_Activity_: Copy the whole listing below exactly, with nothing left out.
--- Given data ---
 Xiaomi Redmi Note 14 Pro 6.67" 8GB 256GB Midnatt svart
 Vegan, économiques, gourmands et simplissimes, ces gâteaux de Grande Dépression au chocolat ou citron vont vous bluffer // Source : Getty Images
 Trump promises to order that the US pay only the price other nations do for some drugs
---
_Task response_:
 Xiaomi Redmi Note 14 Pro 6.67" 8GB 256GB Midnatt svart
 Vegan, économiques, gourmands et simplissimes, ces gâteaux de Grande Dépression au chocolat ou citron vont vous bluffer // Source : Getty Images
 Trump promises to order that the US pay only the price other nations do for some drugs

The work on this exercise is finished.